The answer must be the full listing, word for word, with no pictures in it.

• **Provided data**:
[Start of section]

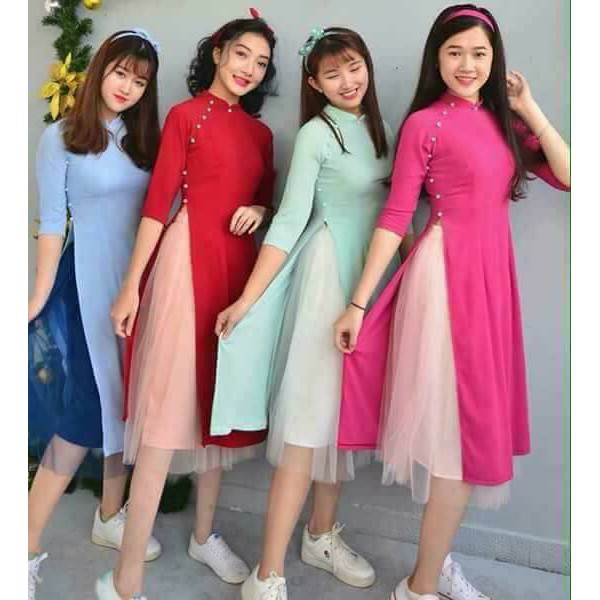 Chân váy lưới cách tân nữ_Chaang_May sẵn váy mặc áo dài 3 lớp TUHU xòe đẹp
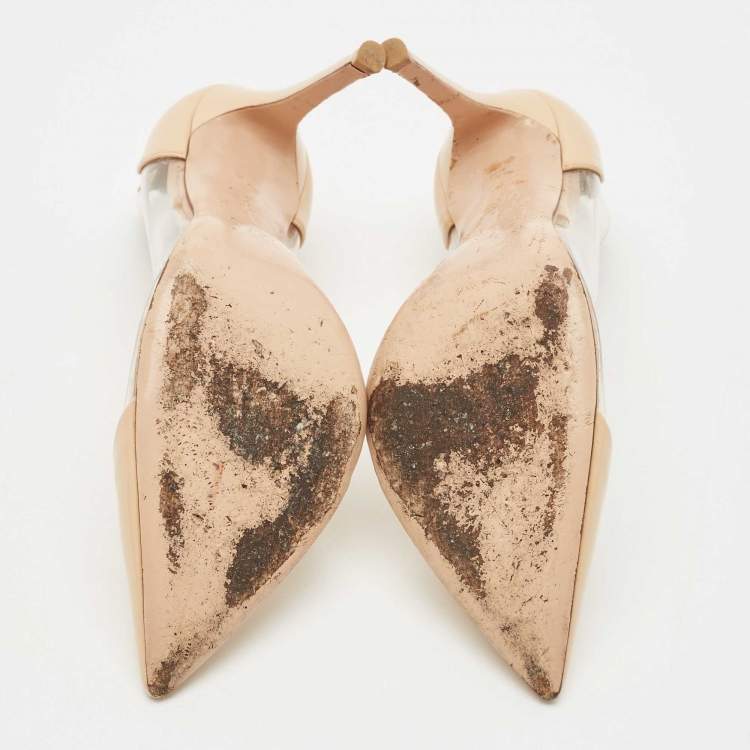 Pre Owned Gianvito Rossi Beige/Transparent Patent Leather and PVC Plexi Pointed Toe Pumps Size 37.5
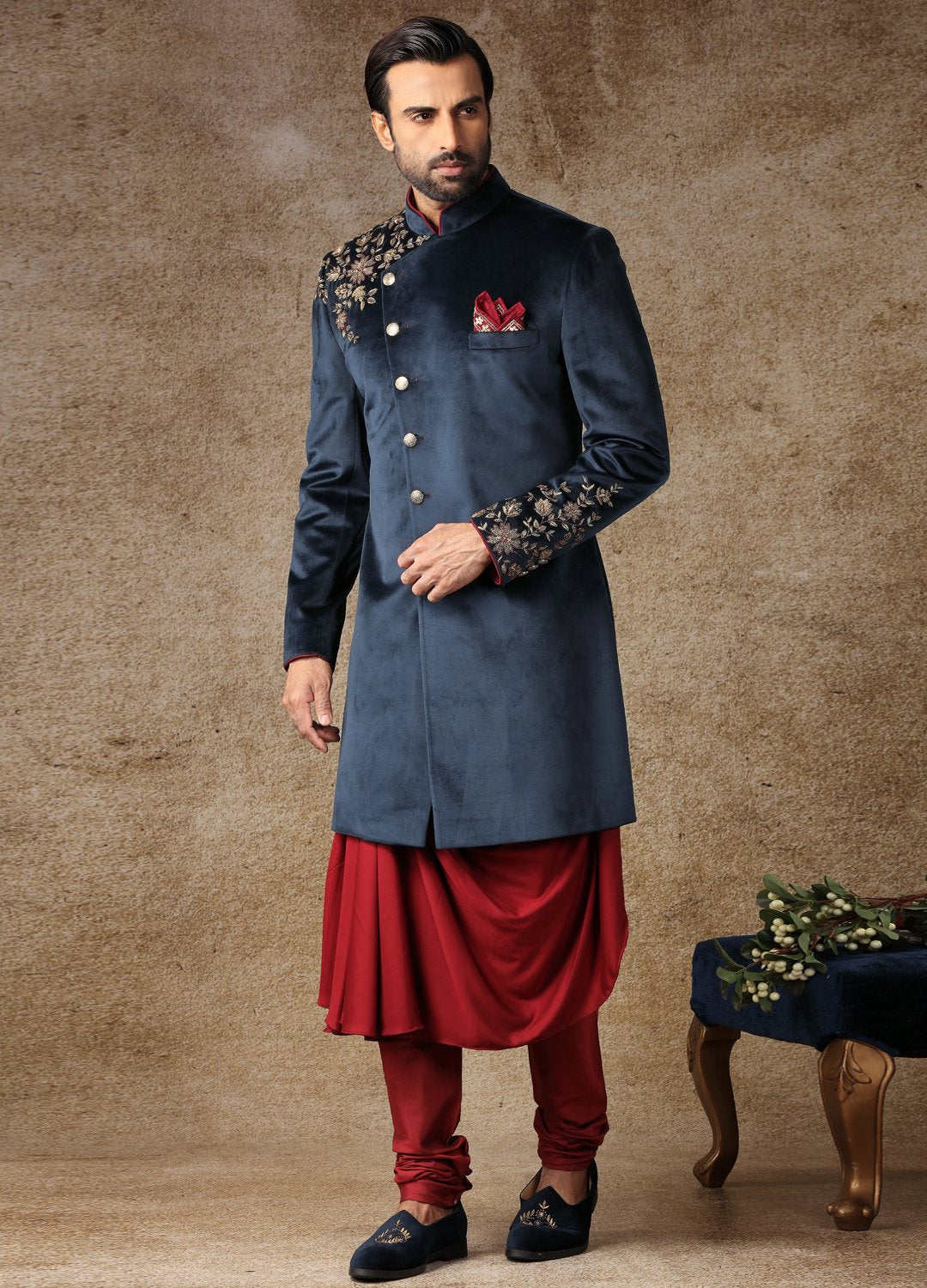 Maroon And Ink Blue Indo-Western Kurta Sherwani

[End of section]

• **Reply to the task**:
 Chân váy lưới cách tân nữ_Chaang_May sẵn váy mặc áo dài 3 lớp TUHU xòe đẹp
 Pre Owned Gianvito Rossi Beige/Transparent Patent Leather and PVC Plexi Pointed Toe Pumps Size 37.5
 Maroon And Ink Blue Indo-Western Kurta Sherwani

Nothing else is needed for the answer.